Lugar: „Jetzt nehmen wir das Heft in die Hand“

Team-Stronach-Klubobmann Robert Lugar freut sich auf das „freie Spiel der Kräfte“: „Jetzt nehmen wir das Heft in die Hand, sagen, was zu tun ist, und die Regierung führt aus.“ So sehe das die Verfassung mit der Gewaltentrennung auch vor - nicht so wie bisher, wo das Parlament nur durchgewinkt habe, was die Regierung wollte.

Die Klubobleute von SPÖ und ÖVP beteuerten einmal mehr die Bereitschaft ihrer Fraktionen zu arbeiten. Wenn er die Wahl habe „wählen oder arbeiten“, entscheide er sich immer dafür zu arbeiten - auch wenn man dabei Kompromisse schließen müsse, so SPÖ-Klubobmann Andreas Schieder. Denn es gelte, Verantwortung zu übernehmen - dafür, dass es Jobs und einen Aufschwung gibt.

Der ÖVP-Klub werde alles, was an Beschlüssen möglich ist, durch intensive Arbeit unterstützen, alles tun, damit der Untersuchungsausschuss seine Aufgaben erfüllen kann (also die Neuwahl erst am 30. Juni beschlossen wird), und erst im Herbst einen kurzen, fairen Wahlkampf führen, versicherte Klubobmann Reinhold Lopatka - unterbrochen von vielen Zwischenrufen und Gelächter.

Diskussionen auch in EU-Parlament

Auch im EU-Parlament, das derzeit in Straßburg tagt, sind die innenpolitischen Turbulenzen Thema: Hauptangriffsziel der Oppositionsparteien war auch hier Kurz. Dass dieser von „autoritären Kollegen“ wie dem ungarischen Regierungschef Viktor Orban als einer der Ersten gelobt wurde, heiße „nichts Gutes“, so Ulrike Lunacek von den Grünen. Sie warf Kurz vor, mit einem Anti-EU-Kurs gegen den europäischen Konsens zu agieren, etwa in der Frage der Grenzschließungen.
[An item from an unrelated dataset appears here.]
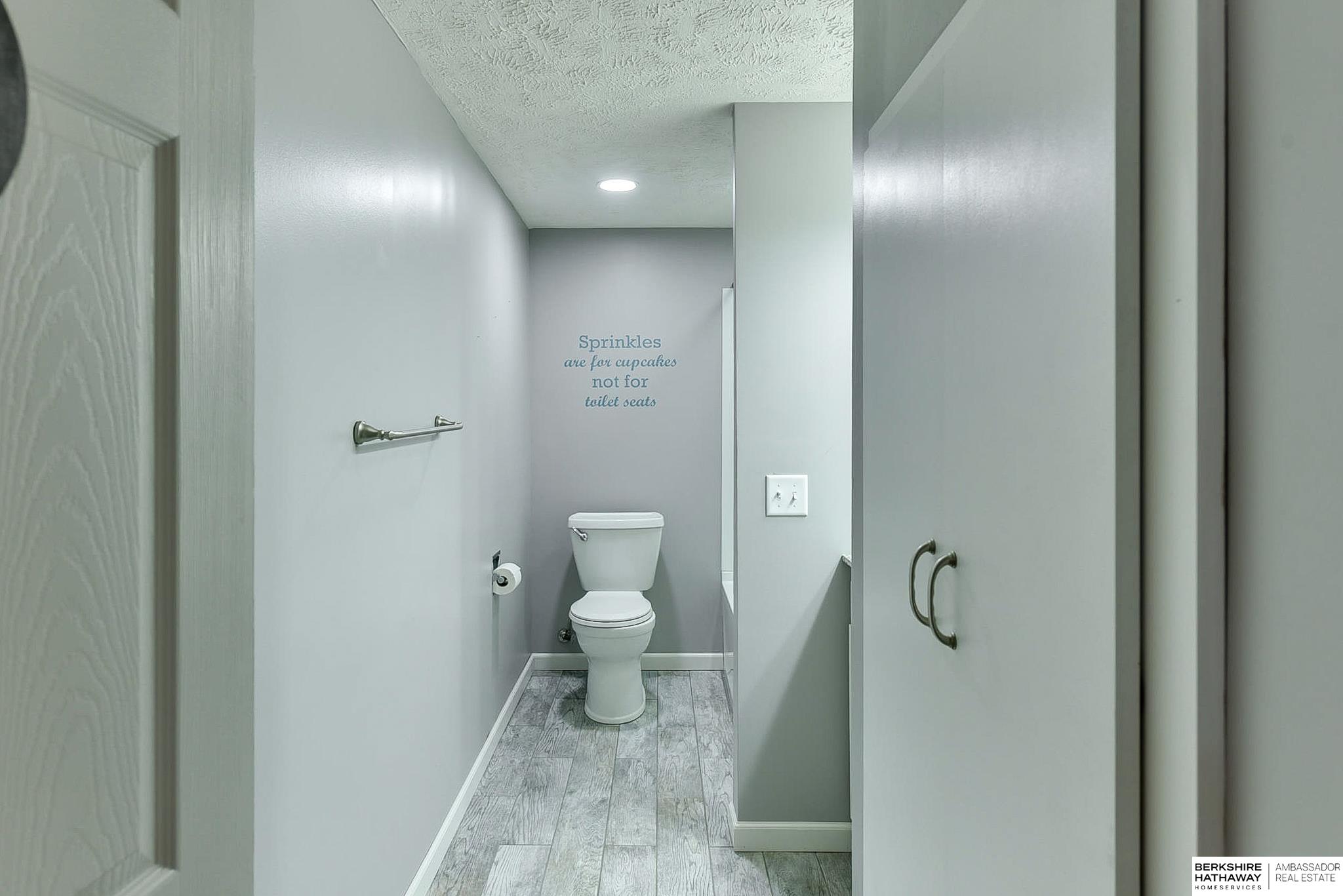 Omaha, Nebraska 68124, United States, 3 Bedrooms Bedrooms, ,2 BathroomsBathrooms,Residential,Pending,81641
FPÖ-Fraktionsführer Harald Vilimsky sah in Wien das Ende eines „burlesken Theaters“ der Koalition. Was derzeit bei der ÖVP ablaufe, behage ihm nicht, der „politische Vatermord“ sei offenbar von langer Hand vorbereitet gewesen. Demokratie nach innen sei mühsam, aber wichtig, das finde nur derzeit bei der ÖVP nicht statt, so Vilimsky.

Mlinar: Viele Angebote an NEOS

NEOS-EU-Abgeordnete Angelika Mlinar sagte in Straßburg, die ÖVP habe nicht versucht, sie abzuwerben. Doch ansonsten gebe es von allen Seiten Angebote an NEOS-Abgeordnete im Nationalrat. Auch sie kritisierte Kurz für eine Positionierung gegen Europa. Er müsse sich proaktiv einbringen, stattdessen werfe er Menschenrechte und die offene Gesellschaft über Bord. In diesem Kurs sehe sie auch ein Problem für eine künftige Zusammenarbeit nach der Wahl, sonst sei NEOS aber bereit, Mehrheiten für Themenarbeit zu bilden.
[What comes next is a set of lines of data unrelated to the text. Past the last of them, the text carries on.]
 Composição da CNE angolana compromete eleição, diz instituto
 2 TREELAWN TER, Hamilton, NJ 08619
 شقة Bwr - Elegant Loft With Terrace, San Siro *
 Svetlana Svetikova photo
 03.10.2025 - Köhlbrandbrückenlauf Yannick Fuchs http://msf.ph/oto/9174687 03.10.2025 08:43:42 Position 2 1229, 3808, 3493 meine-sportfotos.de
Die SPÖ-Abgeordneten äußerten, wenn auch deutlich leiser, ebenfalls Kritik. Kurz sei zu wenig europäisch, so Evelyn Regner, SPÖ-Delegationsleiterin im EU-Parlament, und sehe die Zukunft der EU als reine Freihandelszone. Es sei aber wichtig, dass in Österreich auch inhaltliche Sacharbeit geleistet werde, es müsse „was weitergehen“.